## [Records for this task]
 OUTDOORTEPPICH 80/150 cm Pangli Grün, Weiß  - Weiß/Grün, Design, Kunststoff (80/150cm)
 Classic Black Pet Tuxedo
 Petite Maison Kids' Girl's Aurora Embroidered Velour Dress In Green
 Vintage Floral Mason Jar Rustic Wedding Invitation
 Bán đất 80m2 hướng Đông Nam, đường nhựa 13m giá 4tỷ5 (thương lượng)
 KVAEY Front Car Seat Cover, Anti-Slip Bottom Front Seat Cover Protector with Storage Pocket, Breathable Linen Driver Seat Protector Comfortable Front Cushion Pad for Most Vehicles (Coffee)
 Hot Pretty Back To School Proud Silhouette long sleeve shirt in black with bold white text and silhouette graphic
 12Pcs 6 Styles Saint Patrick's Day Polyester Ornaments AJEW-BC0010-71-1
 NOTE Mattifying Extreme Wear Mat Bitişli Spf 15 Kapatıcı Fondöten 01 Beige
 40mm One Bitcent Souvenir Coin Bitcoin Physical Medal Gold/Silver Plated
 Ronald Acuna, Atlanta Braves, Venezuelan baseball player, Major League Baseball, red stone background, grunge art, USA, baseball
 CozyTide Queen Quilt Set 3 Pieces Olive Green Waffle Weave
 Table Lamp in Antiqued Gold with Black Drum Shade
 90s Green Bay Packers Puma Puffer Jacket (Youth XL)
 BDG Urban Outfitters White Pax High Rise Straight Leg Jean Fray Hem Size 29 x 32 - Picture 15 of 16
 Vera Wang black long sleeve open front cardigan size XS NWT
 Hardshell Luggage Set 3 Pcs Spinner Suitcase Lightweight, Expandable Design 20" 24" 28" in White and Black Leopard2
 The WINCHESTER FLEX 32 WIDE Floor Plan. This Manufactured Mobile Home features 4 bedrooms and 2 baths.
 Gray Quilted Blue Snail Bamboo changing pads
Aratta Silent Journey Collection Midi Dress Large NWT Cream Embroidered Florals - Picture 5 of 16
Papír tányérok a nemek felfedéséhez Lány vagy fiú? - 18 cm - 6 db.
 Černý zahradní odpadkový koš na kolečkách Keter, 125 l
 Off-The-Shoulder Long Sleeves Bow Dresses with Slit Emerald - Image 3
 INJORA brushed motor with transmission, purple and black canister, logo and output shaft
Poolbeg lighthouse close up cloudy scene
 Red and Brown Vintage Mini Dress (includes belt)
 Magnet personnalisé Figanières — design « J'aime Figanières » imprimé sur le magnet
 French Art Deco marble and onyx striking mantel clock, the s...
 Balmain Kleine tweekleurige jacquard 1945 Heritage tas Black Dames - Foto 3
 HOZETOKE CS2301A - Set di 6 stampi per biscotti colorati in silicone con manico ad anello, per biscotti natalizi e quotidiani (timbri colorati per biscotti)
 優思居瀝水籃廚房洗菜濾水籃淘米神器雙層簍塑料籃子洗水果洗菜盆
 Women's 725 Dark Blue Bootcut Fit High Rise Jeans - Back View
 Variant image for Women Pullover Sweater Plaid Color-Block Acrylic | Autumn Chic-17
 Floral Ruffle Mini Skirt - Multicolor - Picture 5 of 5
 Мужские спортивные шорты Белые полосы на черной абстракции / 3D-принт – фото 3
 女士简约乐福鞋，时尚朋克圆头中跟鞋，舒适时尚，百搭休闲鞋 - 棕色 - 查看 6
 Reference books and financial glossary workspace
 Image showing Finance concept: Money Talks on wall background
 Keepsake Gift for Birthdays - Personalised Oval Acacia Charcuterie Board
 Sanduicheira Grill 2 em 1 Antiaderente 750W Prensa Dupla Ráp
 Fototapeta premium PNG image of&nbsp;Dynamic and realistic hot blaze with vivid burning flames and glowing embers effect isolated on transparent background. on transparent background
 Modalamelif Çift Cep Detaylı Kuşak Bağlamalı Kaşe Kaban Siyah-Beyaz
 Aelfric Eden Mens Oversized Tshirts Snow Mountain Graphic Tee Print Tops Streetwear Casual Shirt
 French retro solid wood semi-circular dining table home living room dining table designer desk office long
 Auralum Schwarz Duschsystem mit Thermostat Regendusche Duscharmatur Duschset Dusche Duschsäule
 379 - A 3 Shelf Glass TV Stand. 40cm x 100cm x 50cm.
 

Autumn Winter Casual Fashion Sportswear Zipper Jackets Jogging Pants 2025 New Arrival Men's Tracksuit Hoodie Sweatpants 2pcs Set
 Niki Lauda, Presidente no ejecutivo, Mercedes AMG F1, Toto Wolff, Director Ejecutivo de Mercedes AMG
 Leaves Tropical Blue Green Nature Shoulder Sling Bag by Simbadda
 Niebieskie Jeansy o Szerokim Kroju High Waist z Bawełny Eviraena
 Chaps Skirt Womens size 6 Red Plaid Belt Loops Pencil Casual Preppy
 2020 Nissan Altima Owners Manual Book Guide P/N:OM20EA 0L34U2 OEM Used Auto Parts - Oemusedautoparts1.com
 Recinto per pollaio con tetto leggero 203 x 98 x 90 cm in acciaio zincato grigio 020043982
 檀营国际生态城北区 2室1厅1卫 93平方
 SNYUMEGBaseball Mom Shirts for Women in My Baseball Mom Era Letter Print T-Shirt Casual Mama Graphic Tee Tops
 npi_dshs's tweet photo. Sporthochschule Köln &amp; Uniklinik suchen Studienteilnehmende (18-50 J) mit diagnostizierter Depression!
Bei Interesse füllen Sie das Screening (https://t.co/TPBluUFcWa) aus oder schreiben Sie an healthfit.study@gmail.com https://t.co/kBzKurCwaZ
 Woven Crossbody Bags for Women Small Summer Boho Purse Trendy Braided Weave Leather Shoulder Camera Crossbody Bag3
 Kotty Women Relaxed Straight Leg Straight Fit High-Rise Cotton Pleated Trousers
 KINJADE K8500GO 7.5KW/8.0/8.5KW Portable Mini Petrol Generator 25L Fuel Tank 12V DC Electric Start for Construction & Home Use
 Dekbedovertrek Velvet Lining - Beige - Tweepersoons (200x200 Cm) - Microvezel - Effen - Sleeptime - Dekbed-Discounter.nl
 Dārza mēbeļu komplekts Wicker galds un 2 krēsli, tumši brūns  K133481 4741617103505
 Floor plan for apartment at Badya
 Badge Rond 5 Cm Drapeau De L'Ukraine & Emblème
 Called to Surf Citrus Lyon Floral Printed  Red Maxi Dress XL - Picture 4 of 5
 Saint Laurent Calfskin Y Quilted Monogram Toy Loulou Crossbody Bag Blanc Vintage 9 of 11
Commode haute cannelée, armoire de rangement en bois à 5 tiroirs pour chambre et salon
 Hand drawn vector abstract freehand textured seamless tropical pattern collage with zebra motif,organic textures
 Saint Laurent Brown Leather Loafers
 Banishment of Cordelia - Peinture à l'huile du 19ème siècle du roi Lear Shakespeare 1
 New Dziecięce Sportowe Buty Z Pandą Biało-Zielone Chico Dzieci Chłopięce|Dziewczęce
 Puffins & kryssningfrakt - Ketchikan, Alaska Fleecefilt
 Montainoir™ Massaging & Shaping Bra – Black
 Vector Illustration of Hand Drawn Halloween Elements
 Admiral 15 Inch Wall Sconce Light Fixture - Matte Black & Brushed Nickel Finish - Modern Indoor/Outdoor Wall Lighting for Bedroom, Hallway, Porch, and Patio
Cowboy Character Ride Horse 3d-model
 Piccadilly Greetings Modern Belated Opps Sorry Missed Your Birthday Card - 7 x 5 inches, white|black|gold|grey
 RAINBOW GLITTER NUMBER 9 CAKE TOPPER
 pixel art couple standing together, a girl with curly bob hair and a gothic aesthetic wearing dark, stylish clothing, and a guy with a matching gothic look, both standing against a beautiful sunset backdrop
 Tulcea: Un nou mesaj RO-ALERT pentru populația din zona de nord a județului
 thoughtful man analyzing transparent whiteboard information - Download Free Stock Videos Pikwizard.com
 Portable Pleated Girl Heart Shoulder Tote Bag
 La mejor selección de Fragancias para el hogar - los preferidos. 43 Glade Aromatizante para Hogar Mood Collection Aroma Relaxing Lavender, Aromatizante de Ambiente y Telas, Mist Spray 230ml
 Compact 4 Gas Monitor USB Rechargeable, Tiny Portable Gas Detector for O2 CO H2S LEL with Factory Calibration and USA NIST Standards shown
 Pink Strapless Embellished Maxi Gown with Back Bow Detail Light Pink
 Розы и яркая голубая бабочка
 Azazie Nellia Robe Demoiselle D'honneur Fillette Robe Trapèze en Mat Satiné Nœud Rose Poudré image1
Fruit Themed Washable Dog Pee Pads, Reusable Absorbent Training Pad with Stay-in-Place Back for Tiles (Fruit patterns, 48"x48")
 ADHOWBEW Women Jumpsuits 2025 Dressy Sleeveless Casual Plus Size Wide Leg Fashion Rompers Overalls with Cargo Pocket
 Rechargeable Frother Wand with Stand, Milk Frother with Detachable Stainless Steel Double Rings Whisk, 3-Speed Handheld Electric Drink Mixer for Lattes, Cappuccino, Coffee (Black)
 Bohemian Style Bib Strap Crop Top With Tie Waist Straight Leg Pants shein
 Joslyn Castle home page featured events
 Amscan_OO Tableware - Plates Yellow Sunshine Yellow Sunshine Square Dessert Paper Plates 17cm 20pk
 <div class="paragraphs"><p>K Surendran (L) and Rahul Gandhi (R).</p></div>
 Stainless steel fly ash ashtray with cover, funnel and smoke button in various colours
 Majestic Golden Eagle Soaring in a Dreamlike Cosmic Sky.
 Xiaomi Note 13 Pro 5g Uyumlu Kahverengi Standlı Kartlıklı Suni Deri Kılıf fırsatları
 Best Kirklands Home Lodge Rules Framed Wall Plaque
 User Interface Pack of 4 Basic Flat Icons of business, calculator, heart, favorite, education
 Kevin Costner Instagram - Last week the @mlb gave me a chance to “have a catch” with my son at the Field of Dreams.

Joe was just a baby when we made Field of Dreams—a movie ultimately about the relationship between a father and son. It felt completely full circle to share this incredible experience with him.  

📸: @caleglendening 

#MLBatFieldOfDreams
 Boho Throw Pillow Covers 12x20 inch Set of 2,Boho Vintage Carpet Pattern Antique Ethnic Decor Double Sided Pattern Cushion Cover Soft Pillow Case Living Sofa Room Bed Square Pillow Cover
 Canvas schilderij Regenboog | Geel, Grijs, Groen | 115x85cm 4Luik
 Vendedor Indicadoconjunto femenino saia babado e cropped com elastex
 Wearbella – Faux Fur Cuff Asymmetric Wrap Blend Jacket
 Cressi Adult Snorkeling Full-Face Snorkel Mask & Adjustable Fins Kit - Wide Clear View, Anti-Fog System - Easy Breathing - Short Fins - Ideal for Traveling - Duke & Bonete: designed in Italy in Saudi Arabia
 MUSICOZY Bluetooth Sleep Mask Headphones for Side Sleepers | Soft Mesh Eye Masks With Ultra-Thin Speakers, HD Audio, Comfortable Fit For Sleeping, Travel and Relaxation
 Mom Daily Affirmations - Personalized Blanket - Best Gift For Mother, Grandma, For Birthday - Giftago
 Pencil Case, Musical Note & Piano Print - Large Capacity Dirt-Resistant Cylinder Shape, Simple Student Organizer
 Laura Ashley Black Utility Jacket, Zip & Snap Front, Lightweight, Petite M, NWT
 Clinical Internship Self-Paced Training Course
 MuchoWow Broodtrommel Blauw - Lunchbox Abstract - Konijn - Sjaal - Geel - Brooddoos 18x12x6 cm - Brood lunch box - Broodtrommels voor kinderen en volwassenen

## [Work to be completed]
Reproduce the material above exactly, beginning at its first line and ending with the line that holds "Bán đất 80m2". Include nothing else.

## [Exercise response]
 OUTDOORTEPPICH 80/150 cm Pangli Grün, Weiß  - Weiß/Grün, Design, Kunststoff (80/150cm)
 Classic Black Pet Tuxedo
 Petite Maison Kids' Girl's Aurora Embroidered Velour Dress In Green
 Vintage Floral Mason Jar Rustic Wedding Invitation
 Bán đất 80m2 hướng Đông Nam, đường nhựa 13m giá 4tỷ5 (thương lượng)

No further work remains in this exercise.